→ **Exercise objective**
An image-free, word-for-word version of the records below is to be returned.

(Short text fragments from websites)

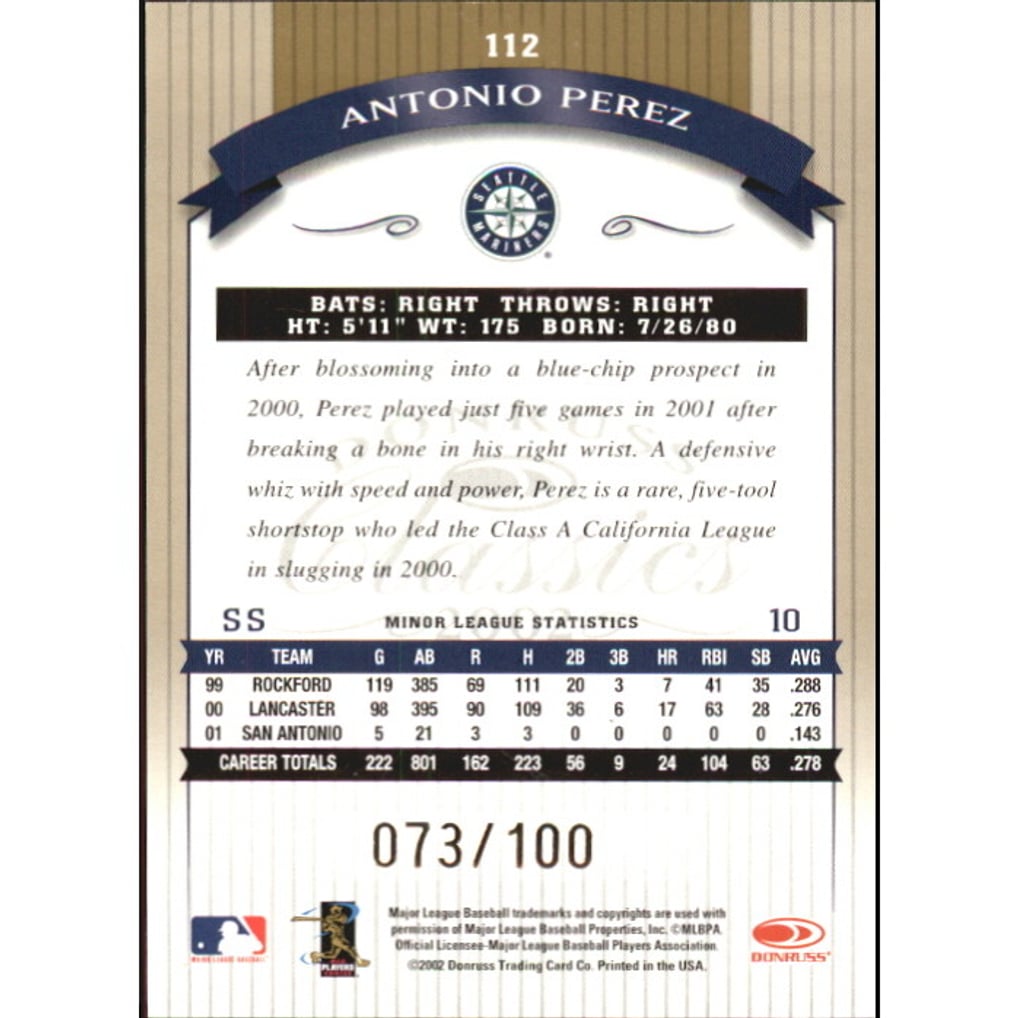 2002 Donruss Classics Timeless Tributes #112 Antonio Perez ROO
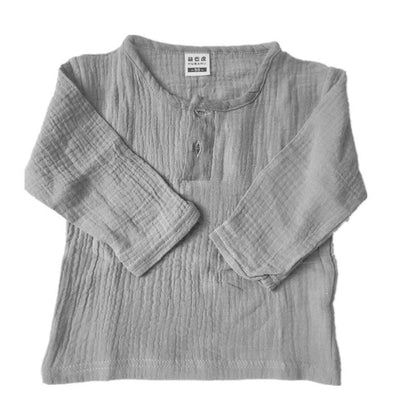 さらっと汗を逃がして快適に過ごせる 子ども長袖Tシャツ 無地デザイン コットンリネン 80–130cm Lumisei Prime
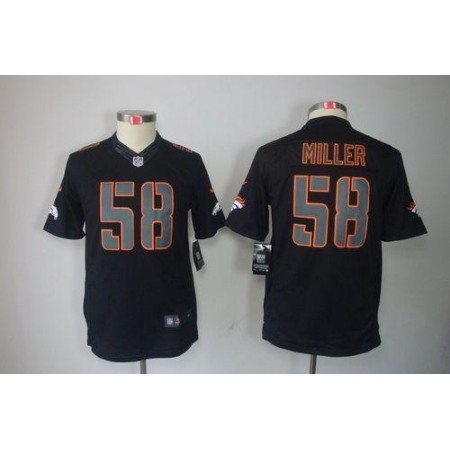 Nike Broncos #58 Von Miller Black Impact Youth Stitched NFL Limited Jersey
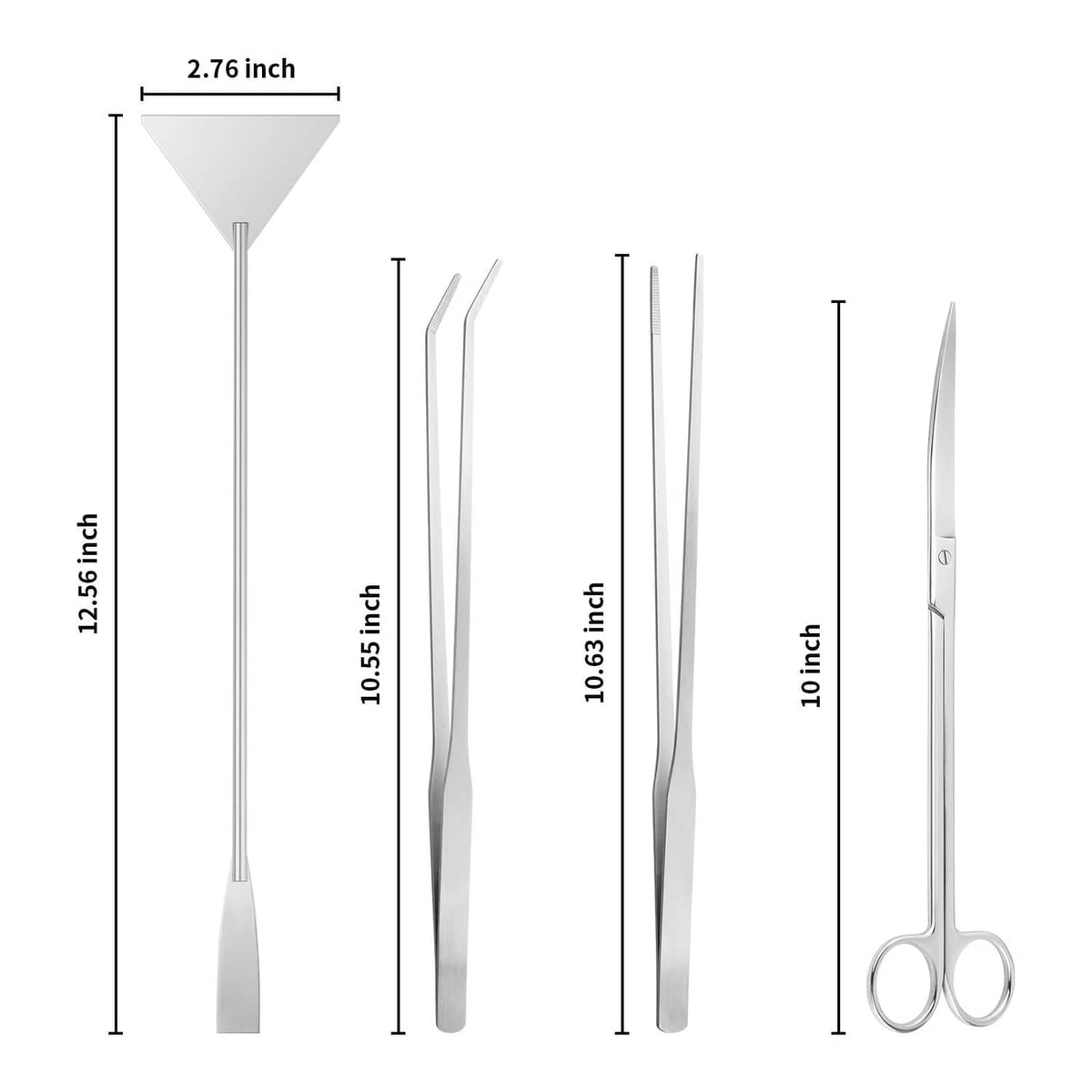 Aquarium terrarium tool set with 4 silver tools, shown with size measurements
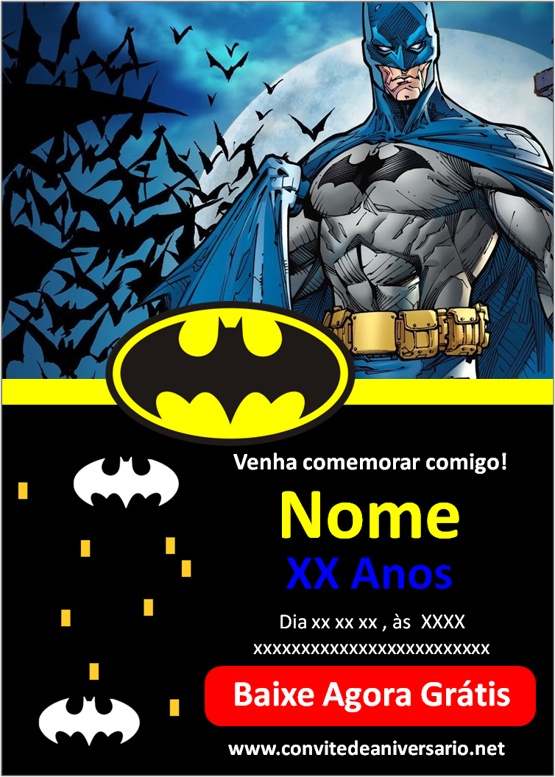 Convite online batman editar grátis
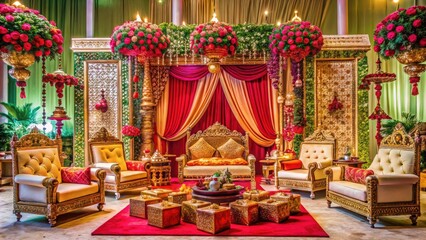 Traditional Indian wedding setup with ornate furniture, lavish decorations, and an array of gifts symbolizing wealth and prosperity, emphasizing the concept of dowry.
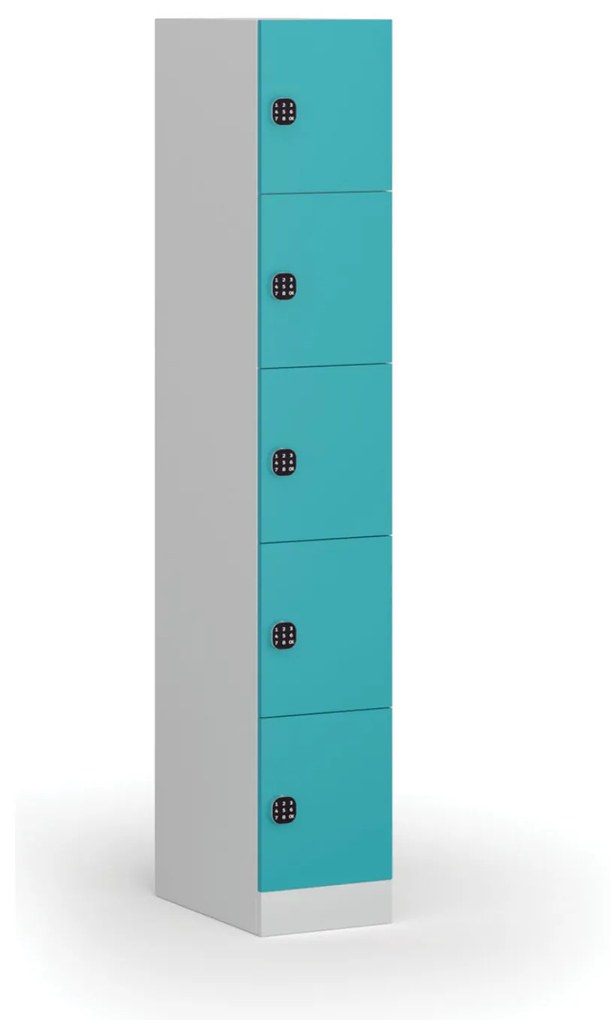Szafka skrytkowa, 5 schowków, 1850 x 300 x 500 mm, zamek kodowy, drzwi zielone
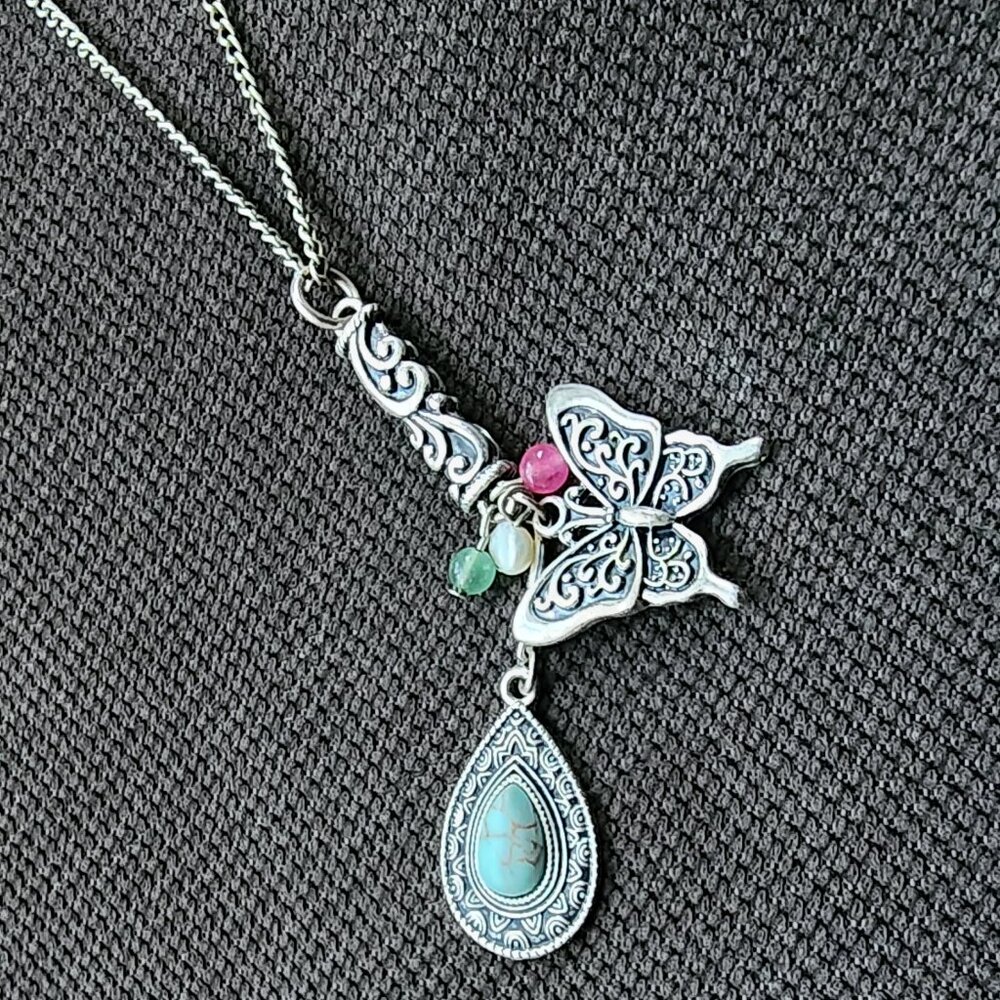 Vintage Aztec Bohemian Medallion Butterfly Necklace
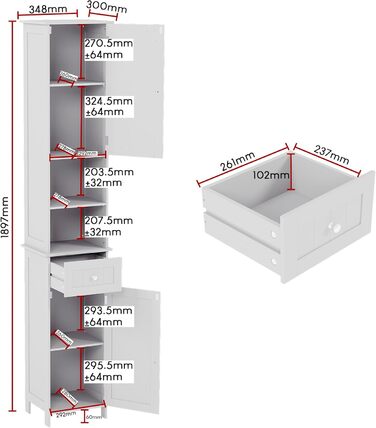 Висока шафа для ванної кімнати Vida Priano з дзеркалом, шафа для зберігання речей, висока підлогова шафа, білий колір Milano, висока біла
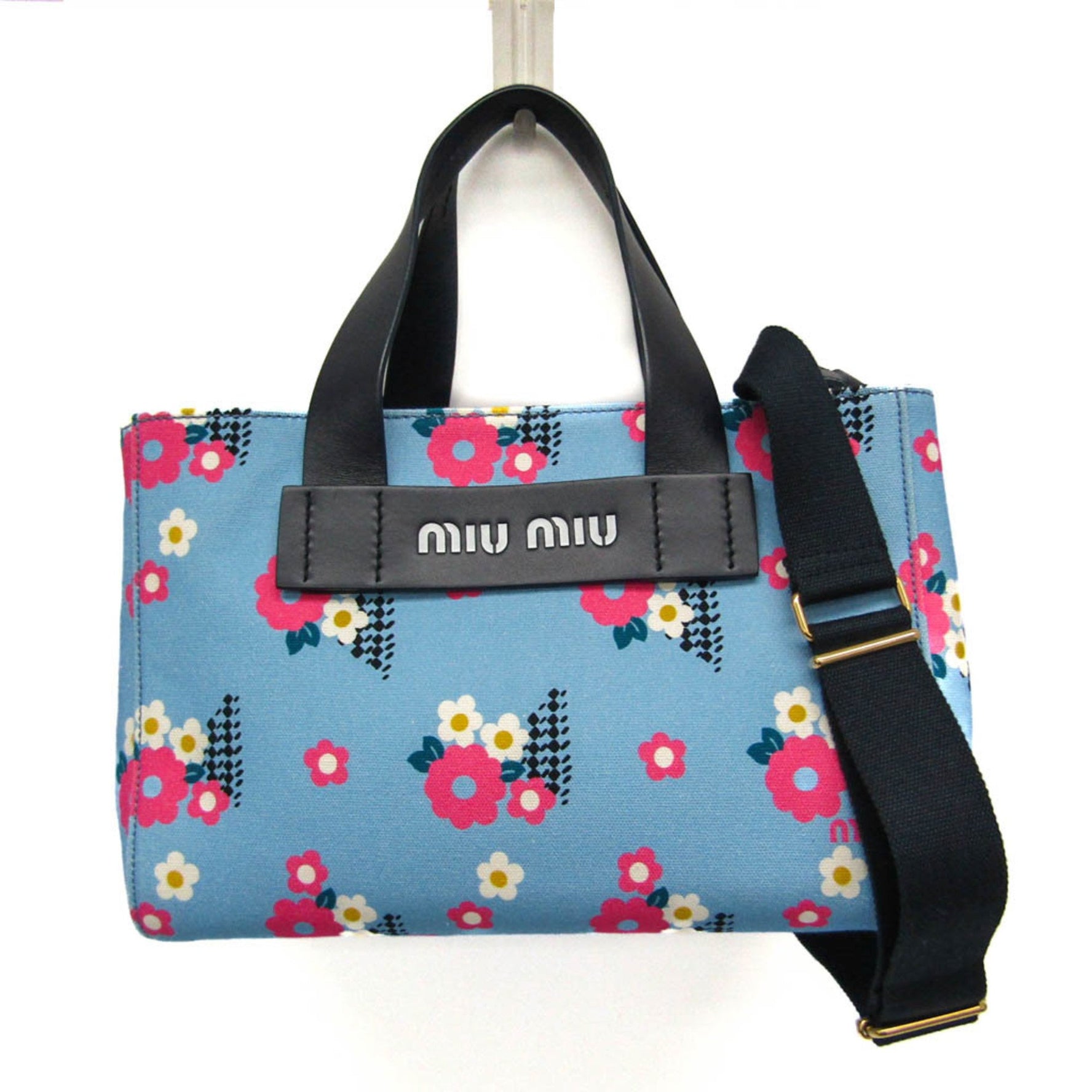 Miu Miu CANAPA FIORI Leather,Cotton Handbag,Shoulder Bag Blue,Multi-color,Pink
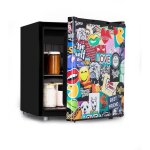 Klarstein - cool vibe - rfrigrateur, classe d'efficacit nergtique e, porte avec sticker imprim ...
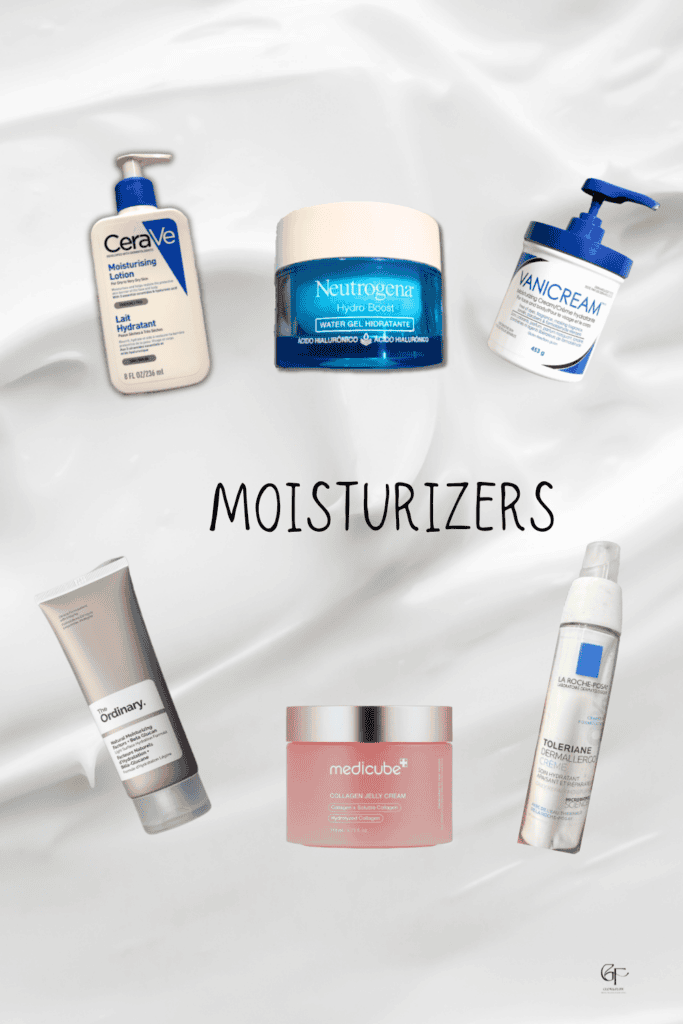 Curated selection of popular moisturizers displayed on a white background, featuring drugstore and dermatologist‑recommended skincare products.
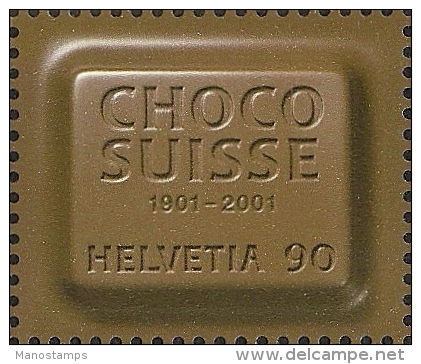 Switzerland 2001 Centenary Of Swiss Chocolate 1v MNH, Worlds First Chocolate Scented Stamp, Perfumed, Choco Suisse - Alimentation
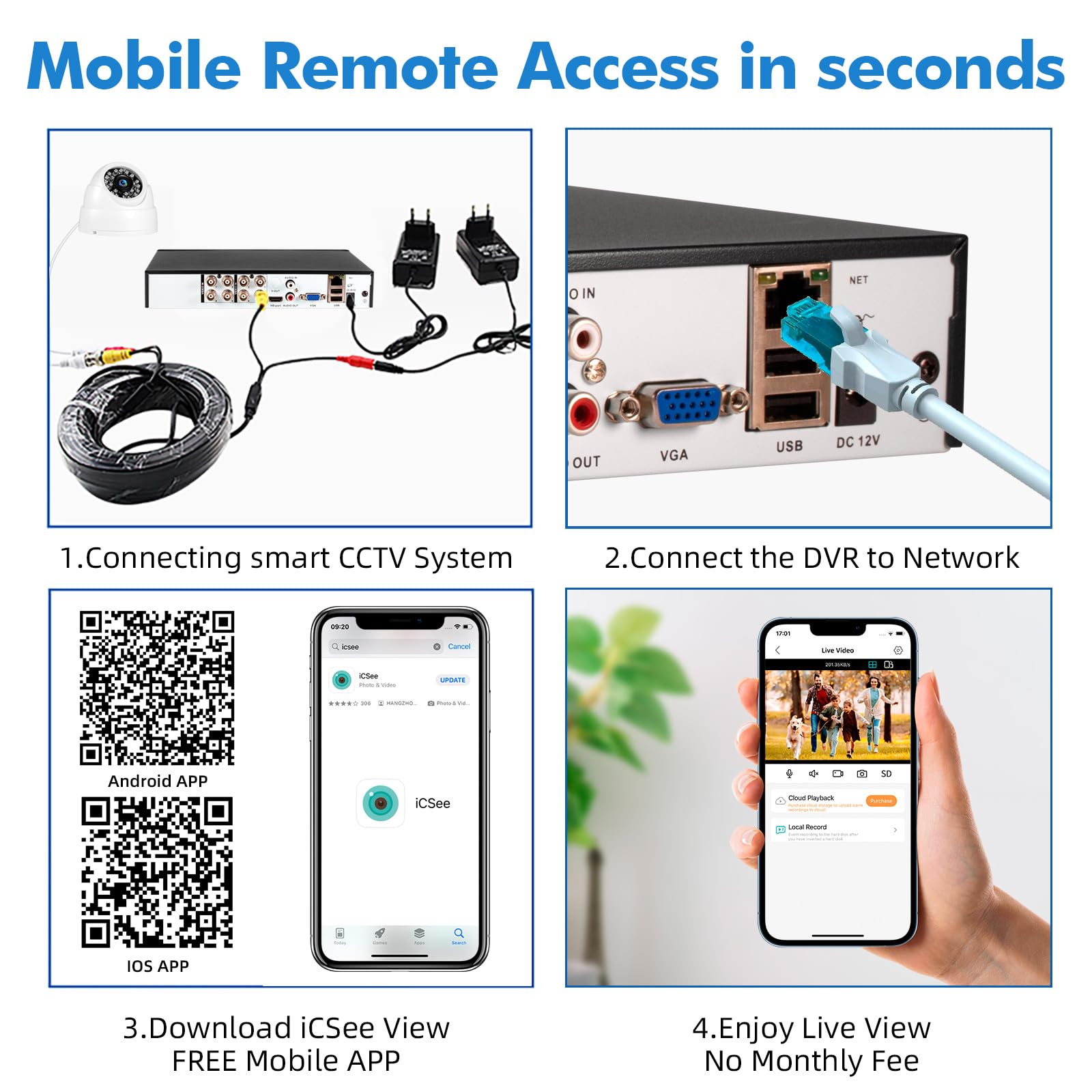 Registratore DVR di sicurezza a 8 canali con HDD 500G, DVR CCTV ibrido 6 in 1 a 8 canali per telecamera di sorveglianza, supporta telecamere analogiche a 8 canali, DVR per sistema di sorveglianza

→ **Your response**
 2002 Donruss Classics Timeless Tributes #112 Antonio Perez ROO
 さらっと汗を逃がして快適に過ごせる 子ども長袖Tシャツ 無地デザイン コットンリネン 80–130cm Lumisei Prime
 Nike Broncos #58 Von Miller Black Impact Youth Stitched NFL Limited Jersey
 Aquarium terrarium tool set with 4 silver tools, shown with size measurements
 Convite online batman editar grátis
 Traditional Indian wedding setup with ornate furniture, lavish decorations, and an array of gifts symbolizing wealth and prosperity, emphasizing the concept of dowry.
Szafka skrytkowa, 5 schowków, 1850 x 300 x 500 mm, zamek kodowy, drzwi zielone
 Vintage Aztec Bohemian Medallion Butterfly Necklace
 Висока шафа для ванної кімнати Vida Priano з дзеркалом, шафа для зберігання речей, висока підлогова шафа, білий колір Milano, висока біла
 Miu Miu CANAPA FIORI Leather,Cotton Handbag,Shoulder Bag Blue,Multi-color,Pink
 Klarstein - cool vibe - rfrigrateur, classe d'efficacit nergtique e, porte avec sticker imprim ...
 Curated selection of popular moisturizers displayed on a white background, featuring drugstore and dermatologist‑recommended skincare products.
 Switzerland 2001 Centenary Of Swiss Chocolate 1v MNH, Worlds First Chocolate Scented Stamp, Perfumed, Choco Suisse - Alimentation
 Registratore DVR di sicurezza a 8 canali con HDD 500G, DVR CCTV ibrido 6 in 1 a 8 canali per telecamera di sorveglianza, supporta telecamere analogiche a 8 canali, DVR per sistema di sorveglianza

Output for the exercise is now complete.